We run a pretty complicated SaaS system. All these tools have their limitations ...

We run a pretty complicated SaaS system.

All these tools have their limitations (and we have all of them, we use Prometheus, we have tracing, we have logs - your entire stack of everything ;) ). There is a limit to your ability to tell what's going on inside a black box based on those, sometimes they'll answer the question you're interested in, and sometimes they will not. As pointed somewhere else in the comments tracing every single interaction in your system doesn't work/scale and often the one failure you care about is not going to leave a trace. Similarly with metrics at some point just measuring everything with the right labels becomes too expensive. More than once I'm looking for a specific metric to help troubleshoot something and we don't have it (despite having a ton of metrics for everything). Alerting on metrics can be very tricky because you may not have good context, some requests might be slow because they're big, some might be fast, finding rules that tell you when the system isn't behaving is extremely difficult. Usually it's the users/customers that are going to tell you that.

Adding metrics, tracing, alerts, dashboards etc. etc. takes time/effort. This needs to be weighed against time spent on other things that can improve the quality of the product. Like design, testing, etc. Really understanding what the requirements are and how the system behaves. Just because Google or Meta set that balance somewhere doesn't mean you need to. Likely your system is significantly smaller and less complex.

This is not a new problem, logging and other methods of observability have been with us since the beginning of time, and it's always been something that needs to be approached with balance. There's some logging that adds value and there's some point where it is counter-productive. When things break, more than often the logging just gives you a starting point for debugging- not the answer.
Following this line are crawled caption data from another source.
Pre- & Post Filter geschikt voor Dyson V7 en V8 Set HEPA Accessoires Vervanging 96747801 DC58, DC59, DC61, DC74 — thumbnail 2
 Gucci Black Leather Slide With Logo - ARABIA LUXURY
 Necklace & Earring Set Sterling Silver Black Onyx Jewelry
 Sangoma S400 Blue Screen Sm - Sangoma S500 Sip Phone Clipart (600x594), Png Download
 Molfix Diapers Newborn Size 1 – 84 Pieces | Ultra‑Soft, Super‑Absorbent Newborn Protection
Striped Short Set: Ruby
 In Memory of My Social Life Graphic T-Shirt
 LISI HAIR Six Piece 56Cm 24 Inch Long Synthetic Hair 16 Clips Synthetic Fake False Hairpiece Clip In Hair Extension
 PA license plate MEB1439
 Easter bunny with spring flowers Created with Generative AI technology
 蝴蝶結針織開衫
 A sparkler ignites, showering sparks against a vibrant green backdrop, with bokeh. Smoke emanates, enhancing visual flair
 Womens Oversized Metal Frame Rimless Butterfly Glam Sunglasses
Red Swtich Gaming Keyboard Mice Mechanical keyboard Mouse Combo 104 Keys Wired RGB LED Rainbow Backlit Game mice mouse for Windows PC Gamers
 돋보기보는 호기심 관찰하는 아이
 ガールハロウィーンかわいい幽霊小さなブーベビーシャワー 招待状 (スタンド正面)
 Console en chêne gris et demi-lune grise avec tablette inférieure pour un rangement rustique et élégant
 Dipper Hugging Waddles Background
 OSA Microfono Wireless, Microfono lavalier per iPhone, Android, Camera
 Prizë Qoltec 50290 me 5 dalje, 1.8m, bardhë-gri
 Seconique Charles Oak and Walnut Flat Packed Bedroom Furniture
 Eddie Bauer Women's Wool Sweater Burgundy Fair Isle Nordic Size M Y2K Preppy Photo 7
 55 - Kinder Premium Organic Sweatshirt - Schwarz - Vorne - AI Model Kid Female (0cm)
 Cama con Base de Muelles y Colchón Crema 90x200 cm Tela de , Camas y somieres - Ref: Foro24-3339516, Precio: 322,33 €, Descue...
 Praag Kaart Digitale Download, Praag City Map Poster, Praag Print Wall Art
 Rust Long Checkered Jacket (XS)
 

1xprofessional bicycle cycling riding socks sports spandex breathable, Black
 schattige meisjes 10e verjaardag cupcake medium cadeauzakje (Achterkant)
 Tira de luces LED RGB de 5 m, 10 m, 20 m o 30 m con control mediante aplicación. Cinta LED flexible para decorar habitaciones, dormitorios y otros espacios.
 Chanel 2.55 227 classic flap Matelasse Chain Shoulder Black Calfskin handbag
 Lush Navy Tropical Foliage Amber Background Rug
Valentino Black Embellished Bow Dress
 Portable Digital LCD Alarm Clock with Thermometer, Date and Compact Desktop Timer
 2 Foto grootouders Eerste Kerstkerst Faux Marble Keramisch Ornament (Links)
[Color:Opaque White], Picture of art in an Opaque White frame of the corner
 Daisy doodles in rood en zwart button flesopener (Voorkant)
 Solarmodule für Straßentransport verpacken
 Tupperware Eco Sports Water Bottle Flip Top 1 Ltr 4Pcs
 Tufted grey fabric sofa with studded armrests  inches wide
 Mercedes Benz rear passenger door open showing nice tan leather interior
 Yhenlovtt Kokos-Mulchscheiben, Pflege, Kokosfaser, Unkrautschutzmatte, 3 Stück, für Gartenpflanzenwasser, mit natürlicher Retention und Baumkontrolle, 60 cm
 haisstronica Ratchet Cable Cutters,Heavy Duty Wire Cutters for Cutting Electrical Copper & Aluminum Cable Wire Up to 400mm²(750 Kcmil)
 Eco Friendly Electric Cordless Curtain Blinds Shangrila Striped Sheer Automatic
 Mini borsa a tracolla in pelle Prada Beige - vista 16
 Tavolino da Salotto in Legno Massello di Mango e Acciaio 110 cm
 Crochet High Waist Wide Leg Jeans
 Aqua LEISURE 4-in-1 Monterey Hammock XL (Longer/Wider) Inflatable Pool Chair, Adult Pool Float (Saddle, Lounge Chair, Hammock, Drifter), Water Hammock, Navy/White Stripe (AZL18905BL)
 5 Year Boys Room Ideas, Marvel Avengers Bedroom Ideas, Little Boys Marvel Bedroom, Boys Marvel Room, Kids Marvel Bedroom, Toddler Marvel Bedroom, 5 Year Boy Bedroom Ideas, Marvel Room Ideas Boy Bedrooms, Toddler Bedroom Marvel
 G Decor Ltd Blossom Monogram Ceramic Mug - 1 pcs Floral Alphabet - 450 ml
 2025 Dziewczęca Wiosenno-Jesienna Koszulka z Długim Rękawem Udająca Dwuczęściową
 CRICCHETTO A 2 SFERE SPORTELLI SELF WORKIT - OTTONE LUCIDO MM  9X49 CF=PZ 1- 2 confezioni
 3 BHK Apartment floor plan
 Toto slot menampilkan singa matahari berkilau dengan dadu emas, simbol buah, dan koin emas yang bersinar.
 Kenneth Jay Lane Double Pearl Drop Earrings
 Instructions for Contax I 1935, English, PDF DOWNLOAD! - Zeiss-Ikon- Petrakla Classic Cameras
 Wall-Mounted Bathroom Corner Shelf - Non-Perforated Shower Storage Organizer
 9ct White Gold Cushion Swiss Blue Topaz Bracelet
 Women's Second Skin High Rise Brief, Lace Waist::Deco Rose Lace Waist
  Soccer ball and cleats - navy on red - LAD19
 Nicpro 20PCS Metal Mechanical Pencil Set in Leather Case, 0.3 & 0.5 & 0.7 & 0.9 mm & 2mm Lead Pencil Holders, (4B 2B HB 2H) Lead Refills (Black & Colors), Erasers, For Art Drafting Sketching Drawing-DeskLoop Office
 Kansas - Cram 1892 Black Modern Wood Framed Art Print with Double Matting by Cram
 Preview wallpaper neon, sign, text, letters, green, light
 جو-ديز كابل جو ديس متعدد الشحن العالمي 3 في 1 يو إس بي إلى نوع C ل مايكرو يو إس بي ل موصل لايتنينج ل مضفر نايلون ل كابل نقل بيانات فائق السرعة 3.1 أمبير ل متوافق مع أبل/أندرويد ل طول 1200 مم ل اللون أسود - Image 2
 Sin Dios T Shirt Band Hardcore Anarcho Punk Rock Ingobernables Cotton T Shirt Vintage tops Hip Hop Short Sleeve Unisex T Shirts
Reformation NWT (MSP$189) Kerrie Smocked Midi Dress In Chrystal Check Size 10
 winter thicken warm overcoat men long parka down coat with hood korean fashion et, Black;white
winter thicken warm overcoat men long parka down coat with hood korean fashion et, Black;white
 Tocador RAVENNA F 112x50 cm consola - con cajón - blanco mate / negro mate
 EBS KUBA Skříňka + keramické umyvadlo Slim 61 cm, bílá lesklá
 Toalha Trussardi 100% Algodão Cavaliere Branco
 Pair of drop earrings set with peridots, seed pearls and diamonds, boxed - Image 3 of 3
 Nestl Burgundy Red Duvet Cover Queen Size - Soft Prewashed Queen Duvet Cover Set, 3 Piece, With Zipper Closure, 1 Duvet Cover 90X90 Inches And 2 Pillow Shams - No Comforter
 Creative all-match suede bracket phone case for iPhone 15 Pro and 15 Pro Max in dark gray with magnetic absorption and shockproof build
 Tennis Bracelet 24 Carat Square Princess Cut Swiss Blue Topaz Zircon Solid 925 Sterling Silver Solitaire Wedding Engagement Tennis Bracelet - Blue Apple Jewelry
My personal philosophy is invest in quality early on and you will reduce your operational costs. Simpler and more reliable software needs less monitoring and conversely no amount of monitoring is going to turn poor quality software into reliable software. There are many domains where the software just has to be right (lessay in your car or airplane) and you can't rely on someone monitoring the software to go and fix things if they go wrong... That said, it's always about the balance. You shouldn't care about the fashion of the day or what Google does. You need to decide where the balance is for your product that optimizes things over its lifetime with the given constraints. Every project is going to have a different balance.